Omit any pictures, and restate word for word only the lines from the one with "Luxury lab grown" through the end of the data below.

(Scraped caption text data)
━━━━━━━━━━━━━━━━

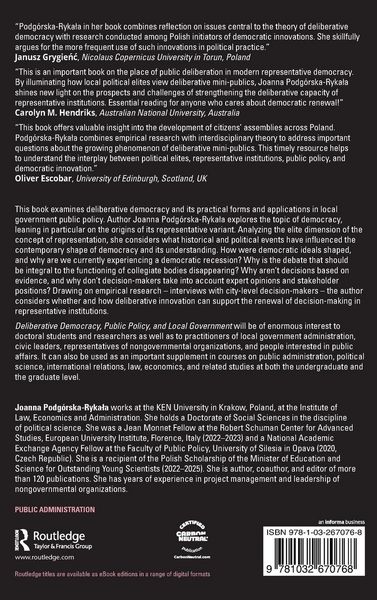 Produktbild: Deliberative Democracy, Public Policy, and Local Government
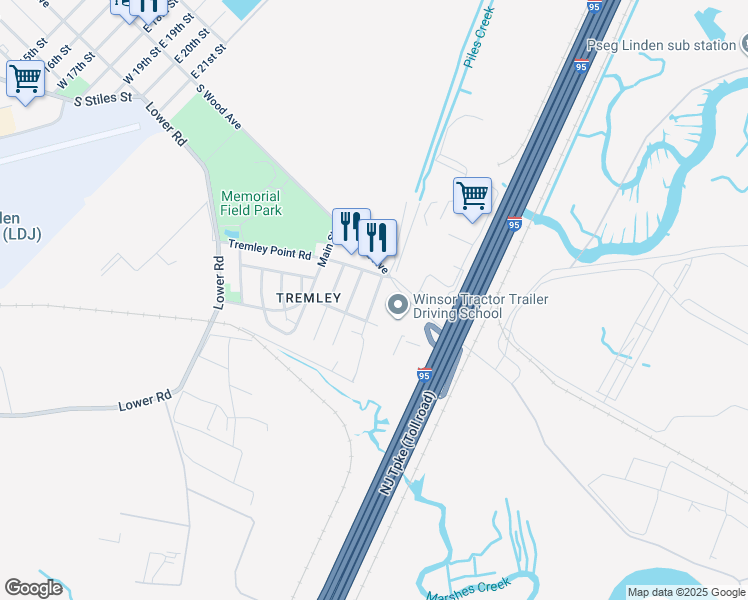 map of restaurants, bars, coffee shops, grocery stores, and more near 3216 Fedor Avenue in Linden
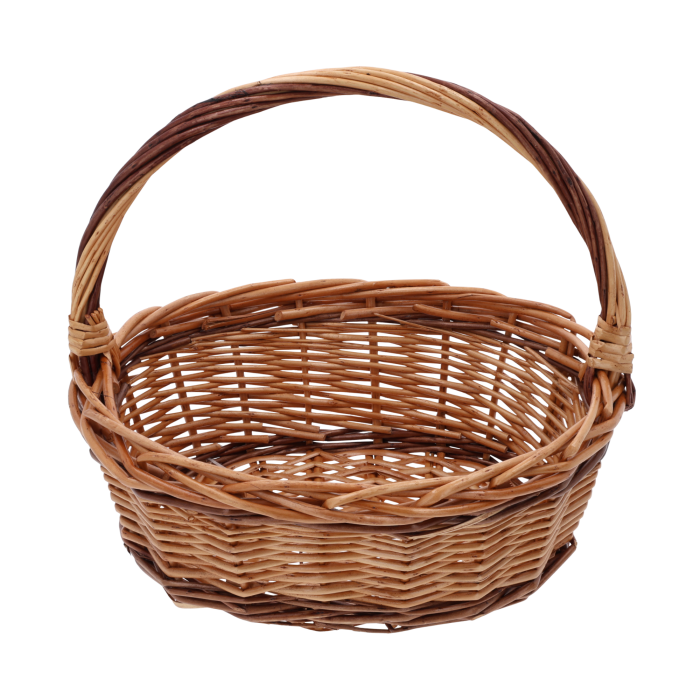 Brązowy owalny kosz wiklinowy 27x22 cm idealny na Wielkanoc, stroiki i zestawy prezentowe. Świetny dla florystów, dekoratorów, kwiaciarni i sklepów. Możliwość zakupów hurtowych dla firm.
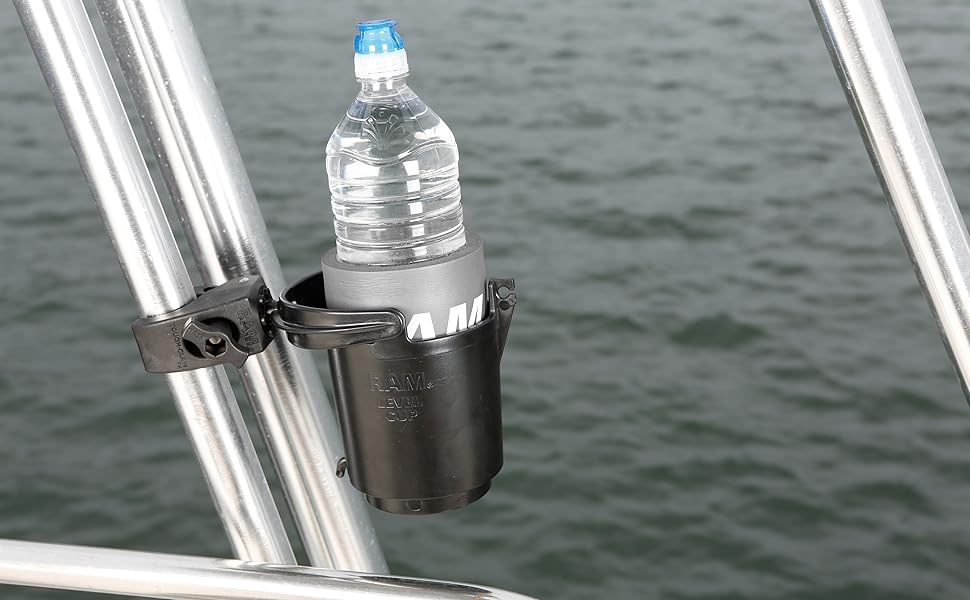 A water bottle in a RAM Level Cup cup holder
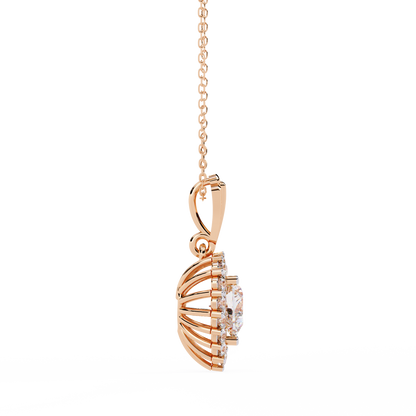 Luxury lab grown heart diamond pendant necklace for women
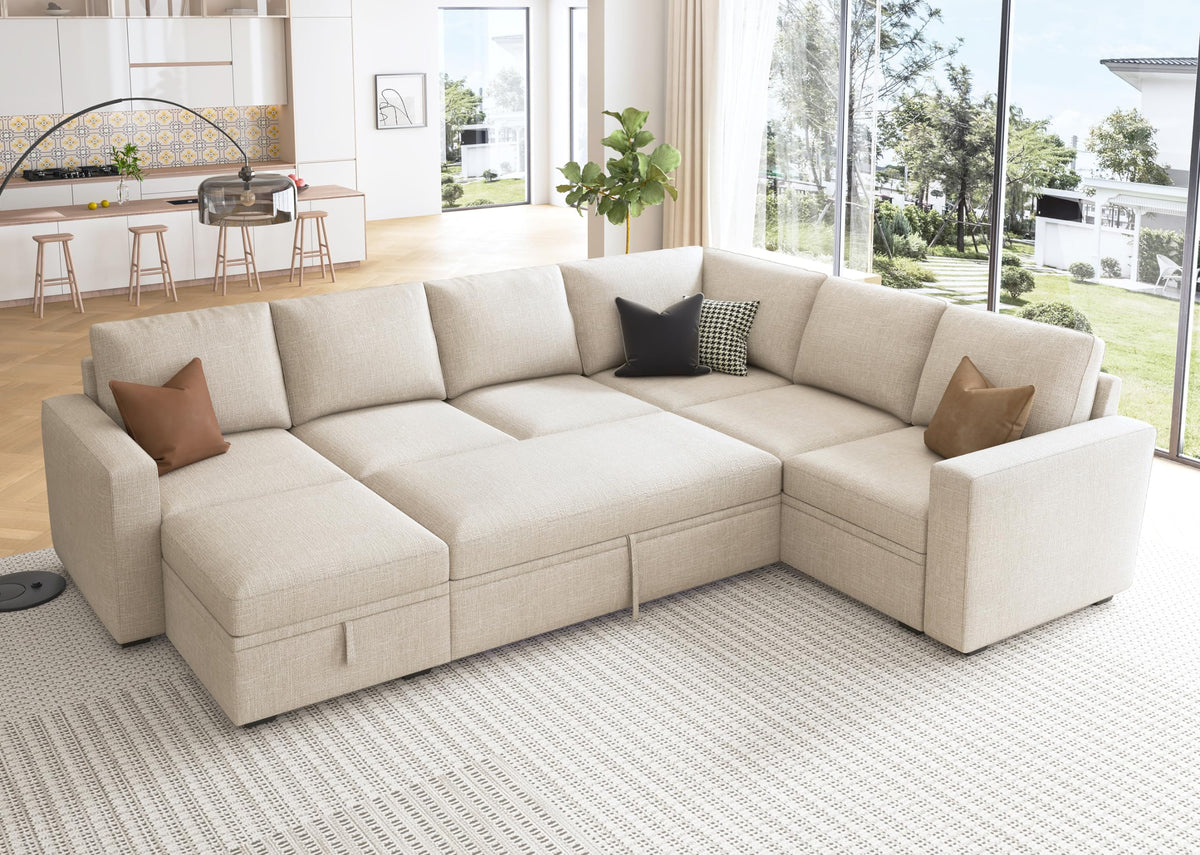 HONBAY Modular Sectional Sleeper Sofa with Pull Out Bed, U Shaped Sectional Couch with Storage Ottoman, Sleeper Sectional Couches for Living Room, Beige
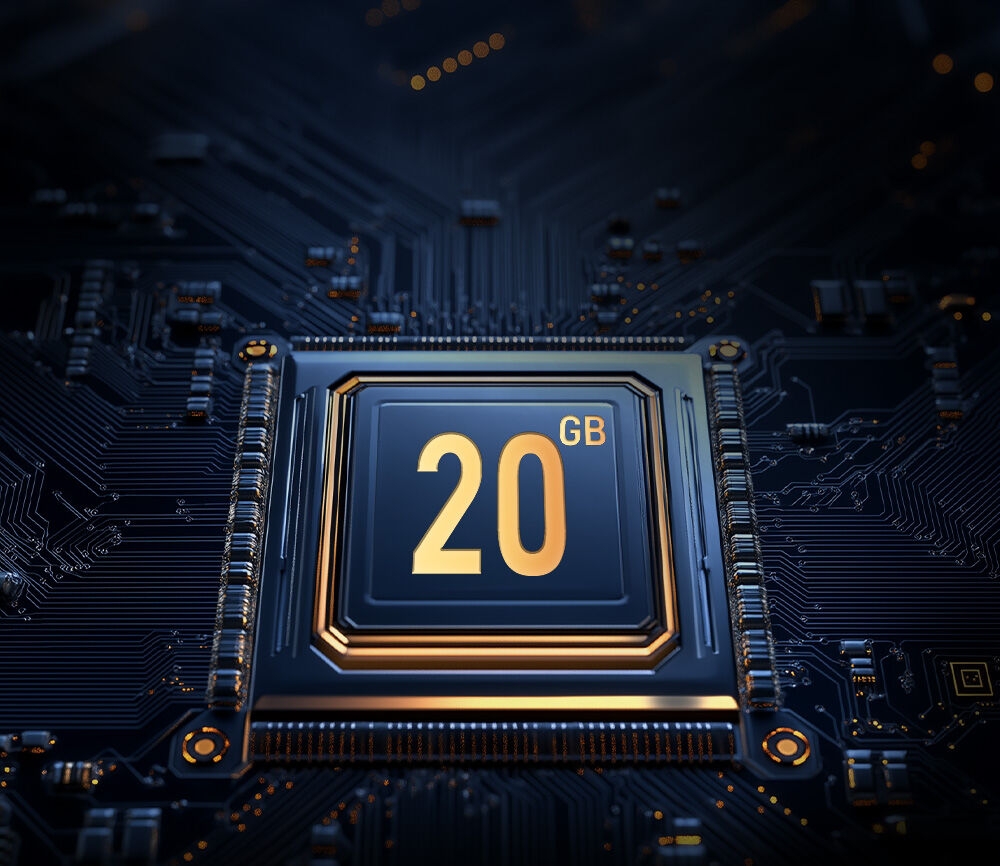 Up to 20GB Dynamic RAM³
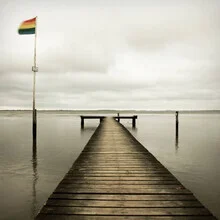 Wooden pier to the North Sea, Germany – wall art by Manuela Deigert as Poster or Acrylic Glass Print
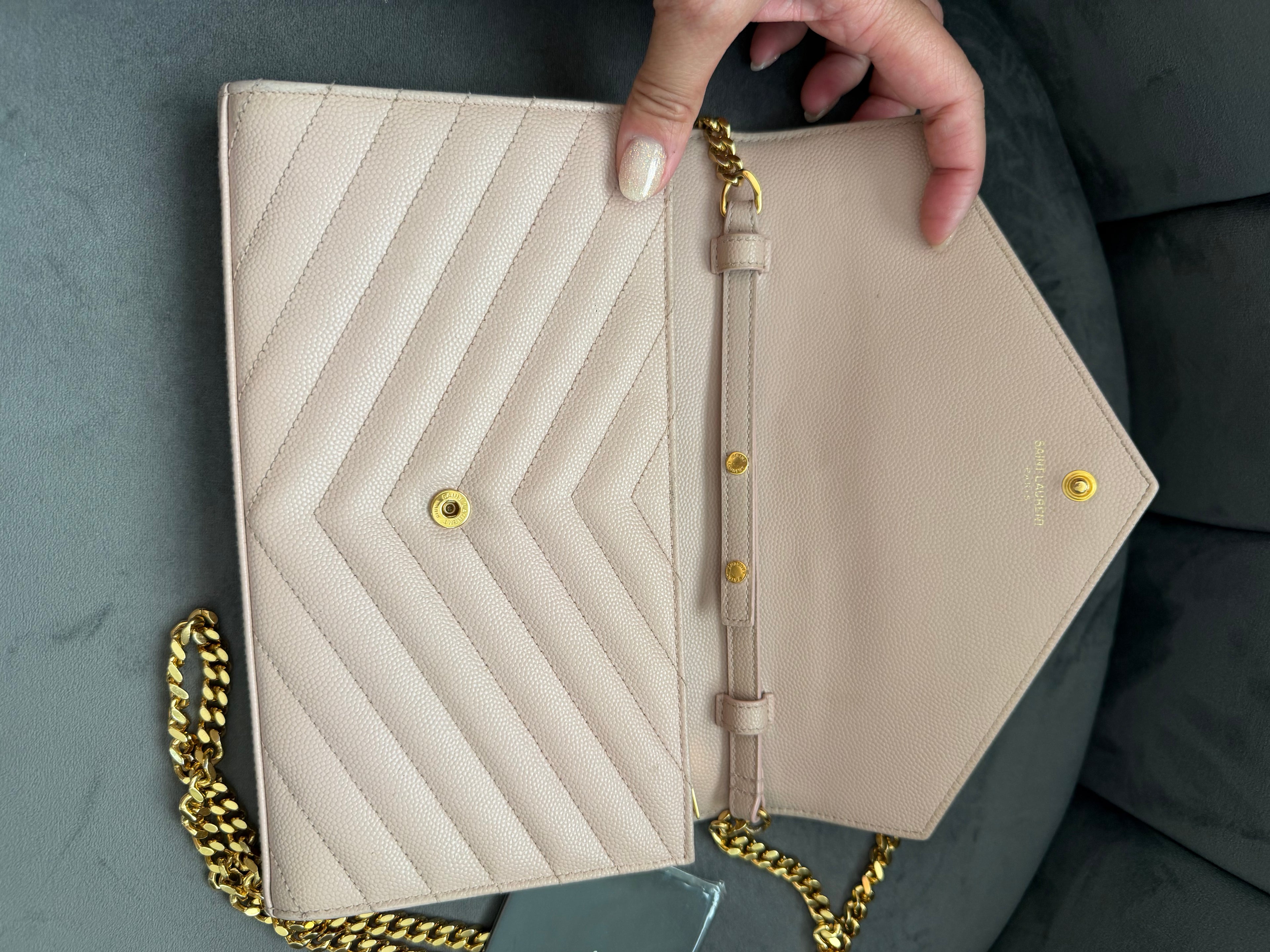 Yves Saint Laurent Cassandre Monogram Bag Blush Pink with Gold wallet on chain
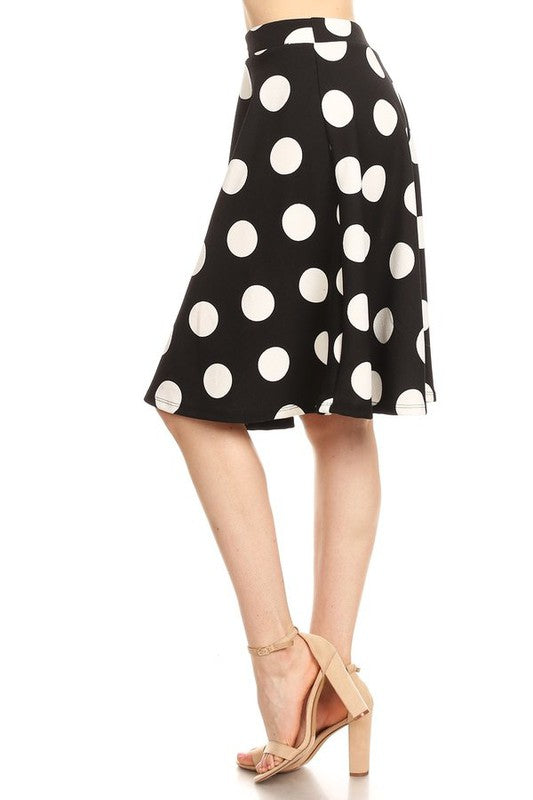 Polka Dot Knee Length Skirt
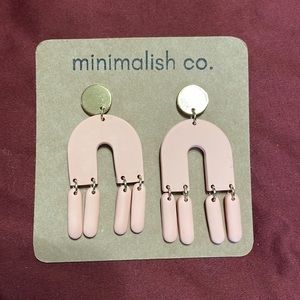 Peach and gold dangle earrings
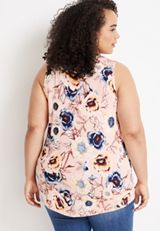 Plus Size 24/7 Mara V Neck Tank Top, C8321, small
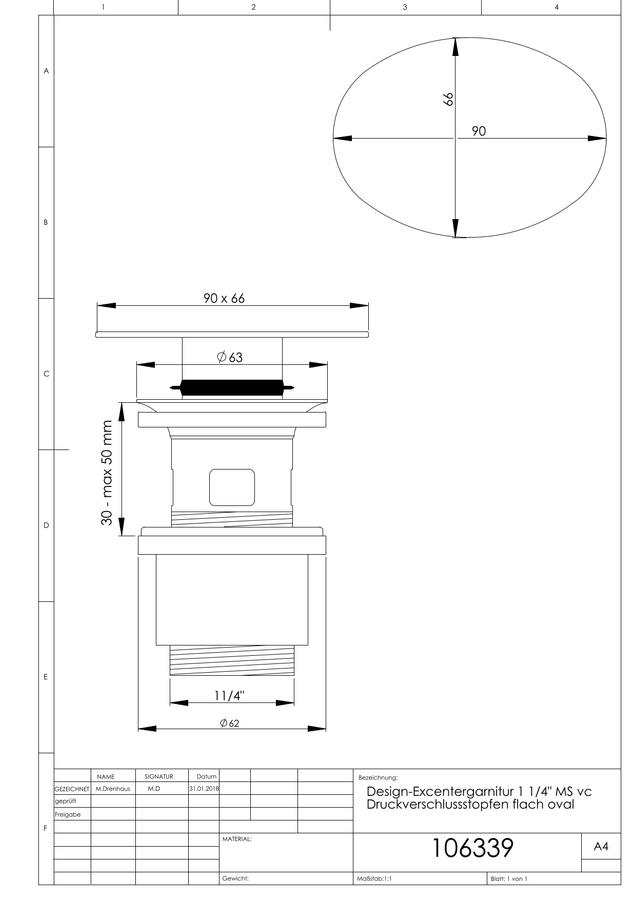 Artikelbild 2 des Artikels „ASW Design-Ablaufventil 1 1/4x 63mm, ov., MS vc, 90x66mm, schl. 90 x 66 mm, verschließbar“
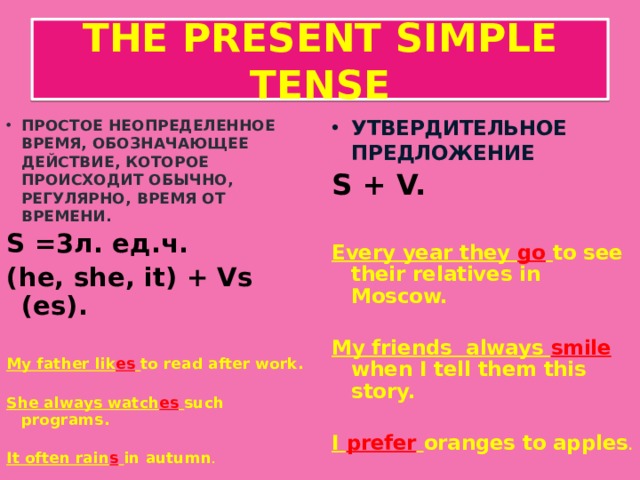 THE PRESENT SIMPLE TENSE ПРОСТОЕ НЕОПРЕДЕЛЕННОЕ ВРЕМЯ, ОБОЗНАЧАЮЩЕЕ ДЕЙСТВИЕ, КОТОРОЕ ПРОИСХОДИТ ОБЫЧНО, РЕГУЛЯРНО, ВРЕМЯ ОТ ВРЕМЕНИ. УТВЕРДИТЕЛЬНОЕ ПРЕДЛОЖЕНИЕ S + V. S =3л. ед.ч.  (he, she, it) + Vs (es).  Every year they go  to see their relatives in Moscow. My father lik es  to read after work.   My friends always smile  when I tell them this story. She always watch es  such programs.   I prefer  oranges to apples . It often rain s  in autumn .  https://yandex.ru/images/search?pos=6&img_url=https%3A%2F%2Ffs01.infourok.ru%2Fimages%2Fdoc%2F8%2F10387%2F640%2Fimg1.jpg&text=the%20present%20simple%20tense%20правила&rpt=simage&lr=16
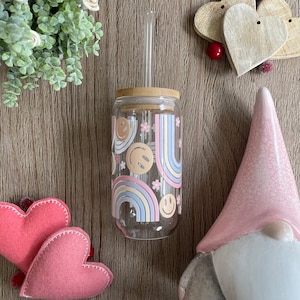 Pastel Rainbow and Smiley Glass Soda Can Tumbler with Bamboo or Colored Lid and Straw, Valentine, Flowers, Girly, Summer, Spring, 16oz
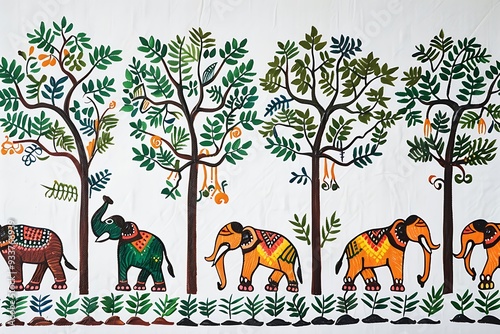 Vintage Gond art painting of of elephants and trees textured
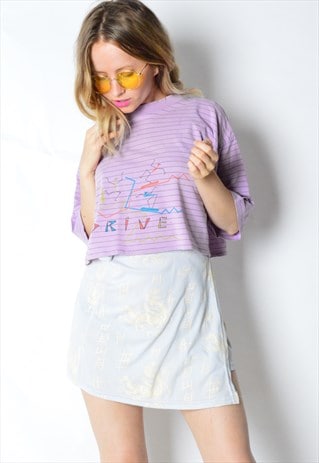 VINTAGE 80S PURPLE STRIPED CROP TOP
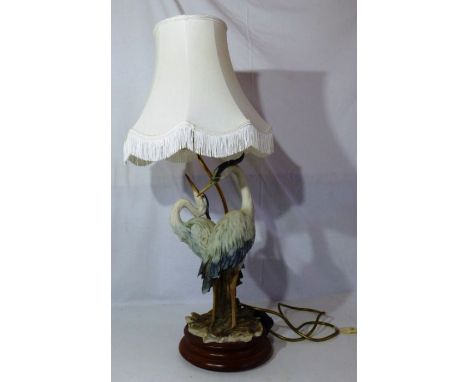 Large lamp with resin herons on a wooden base ,  total hieht 69cm(not tested)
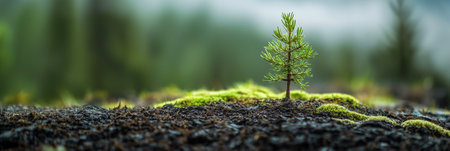 Small tree growing on mossy ground in forest. Ecology and environment conceptの素材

━━━━━━━━━━━━━━━━

◆ **Exercise output**
 Luxury lab grown heart diamond pendant necklace for women
 HONBAY Modular Sectional Sleeper Sofa with Pull Out Bed, U Shaped Sectional Couch with Storage Ottoman, Sleeper Sectional Couches for Living Room, Beige
 Up to 20GB Dynamic RAM³
 Wooden pier to the North Sea, Germany – wall art by Manuela Deigert as Poster or Acrylic Glass Print
 Yves Saint Laurent Cassandre Monogram Bag Blush Pink with Gold wallet on chain
 Polka Dot Knee Length Skirt
 Peach and gold dangle earrings
 Plus Size 24/7 Mara V Neck Tank Top, C8321, small
 Artikelbild 2 des Artikels „ASW Design-Ablaufventil 1 1/4x 63mm, ov., MS vc, 90x66mm, schl. 90 x 66 mm, verschließbar“
 THE PRESENT SIMPLE TENSE ПРОСТОЕ НЕОПРЕДЕЛЕННОЕ ВРЕМЯ, ОБОЗНАЧАЮЩЕЕ ДЕЙСТВИЕ, КОТОРОЕ ПРОИСХОДИТ ОБЫЧНО, РЕГУЛЯРНО, ВРЕМЯ ОТ ВРЕМЕНИ. УТВЕРДИТЕЛЬНОЕ ПРЕДЛОЖЕНИЕ S + V. S =3л. ед.ч.  (he, she, it) + Vs (es).  Every year they go  to see their relatives in Moscow. My father lik es  to read after work.   My friends always smile  when I tell them this story. She always watch es  such programs.   I prefer  oranges to apples . It often rain s  in autumn .  https://yandex.ru/images/search?pos=6&img_url=https%3A%2F%2Ffs01.infourok.ru%2Fimages%2Fdoc%2F8%2F10387%2F640%2Fimg1.jpg&text=the%20present%20simple%20tense%20правила&rpt=simage&lr=16
 Pastel Rainbow and Smiley Glass Soda Can Tumbler with Bamboo or Colored Lid and Straw, Valentine, Flowers, Girly, Summer, Spring, 16oz
 Vintage Gond art painting of of elephants and trees textured
 VINTAGE 80S PURPLE STRIPED CROP TOP
 Large lamp with resin herons on a wooden base ,  total hieht 69cm(not tested)
 Small tree growing on mossy ground in forest. Ecology and environment conceptの素材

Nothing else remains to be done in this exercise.